O Tribunal Regional Federal da 6ª Região (TRF-6) retomou os benefícios vitalícios do ex-presidente Jair Bolsonaro (PL), garantindo assessores, veículos oficiais, motoristas e seguranças mesmo durante o cumprimento de pena na Papudinha. A decisão foi tomada pela 4ª Turma ao julgar o recurso da defesa de Bolsonaro.
O entendimento reverte decisão da Justiça Federal em Belo Horizonte que, em dezembro de 2025, havia suspendido os benefícios após a prisão do ex-presidente. À época, o juiz considerou que a manutenção desses direitos seria incompatível com o regime fechado e configuraria gasto indevido de recursos públicos, sob o argumento de que a lei pressupõe o ex-presidente em “vida civil”.
O recurso analisado pelo TRF-6 foi apresentado no âmbito de ação movida pelo vereador de Belo Horizonte Pedro Rousseff (PT), que questiona a concessão dos benefícios a ex-presidentes, como assessores, motoristas e seguranças, mesmo durante o encarceramento.
Ao reavaliar o caso, no entanto, tribunal adotou posição oposta à da primeira instância. Para os desembargadores, não há na legislação qualquer previsão que condicione a manutenção dos benefícios à liberdade do ex-presidente. Segundo o acórdão, a suspensão determinada anteriormente criou uma restrição não prevista em lei, em afronta aos princípios da legalidade e da separação dos Poderes.

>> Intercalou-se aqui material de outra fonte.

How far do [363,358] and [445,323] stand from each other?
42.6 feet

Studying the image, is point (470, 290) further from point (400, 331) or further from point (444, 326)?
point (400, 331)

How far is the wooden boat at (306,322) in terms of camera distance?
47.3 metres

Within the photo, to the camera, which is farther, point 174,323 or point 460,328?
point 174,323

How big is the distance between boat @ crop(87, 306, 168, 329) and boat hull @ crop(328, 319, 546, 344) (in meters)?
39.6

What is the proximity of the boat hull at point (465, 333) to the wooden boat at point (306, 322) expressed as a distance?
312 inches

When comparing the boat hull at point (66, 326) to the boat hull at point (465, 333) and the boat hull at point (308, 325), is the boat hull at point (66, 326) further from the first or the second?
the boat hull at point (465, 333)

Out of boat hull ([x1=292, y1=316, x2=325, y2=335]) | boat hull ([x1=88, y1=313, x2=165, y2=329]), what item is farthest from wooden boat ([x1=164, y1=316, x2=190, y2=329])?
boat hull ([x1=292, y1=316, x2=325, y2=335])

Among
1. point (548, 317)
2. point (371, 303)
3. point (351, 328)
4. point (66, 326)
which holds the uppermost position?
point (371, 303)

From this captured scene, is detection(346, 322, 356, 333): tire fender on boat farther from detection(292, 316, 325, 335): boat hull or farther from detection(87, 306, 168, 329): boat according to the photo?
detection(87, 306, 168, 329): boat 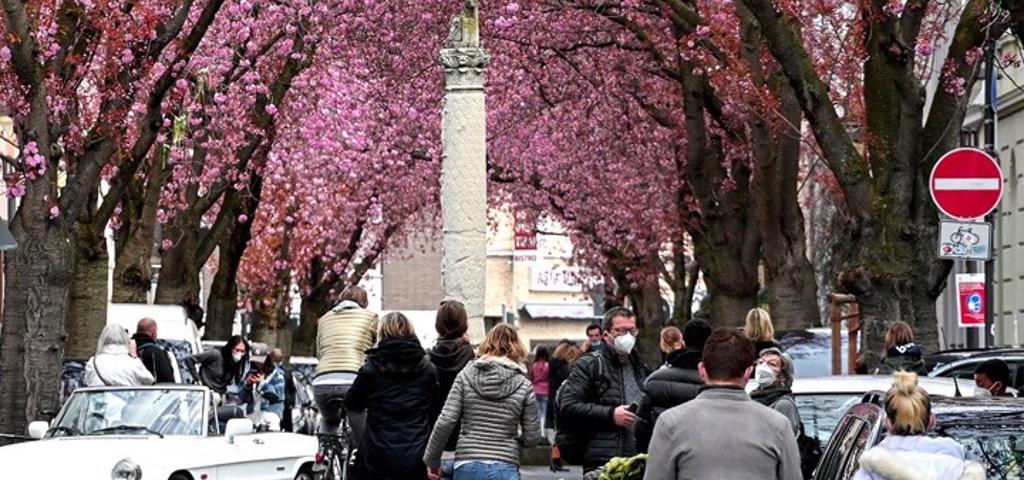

“A suspensão dos benefícios implicou a criação de restrição não prevista em lei, em afronta direta aos princípios da legalidade e da separação dos Poderes”, escreveu a desembargadora Mônica Sifuentes, relatora do caso.
O TRF-6 também afastou o argumento de que a prisão tornaria desnecessária a estrutura. Para a Corte, os serviços prestados vão além da segurança pessoal e incluem atividades de assessoramento e apoio, como organização de acervo, gestão de comunicações e interlocução com advogados e familiares.
Inicialmente, em decisão liminar, o próprio tribunal havia autorizado apenas a manutenção parcial da estrutura, sem veículos e motoristas. No julgamento do mérito, no entanto, revisou esse entendimento e restabeleceu integralmente os benefícios, ao considerar que a retirada dos meios de transporte inviabilizaria o trabalho dos assessores.
A posição foi reforçada por manifestações da União e do Ministério Público Federal, que defenderam a recomposição completa da estrutura.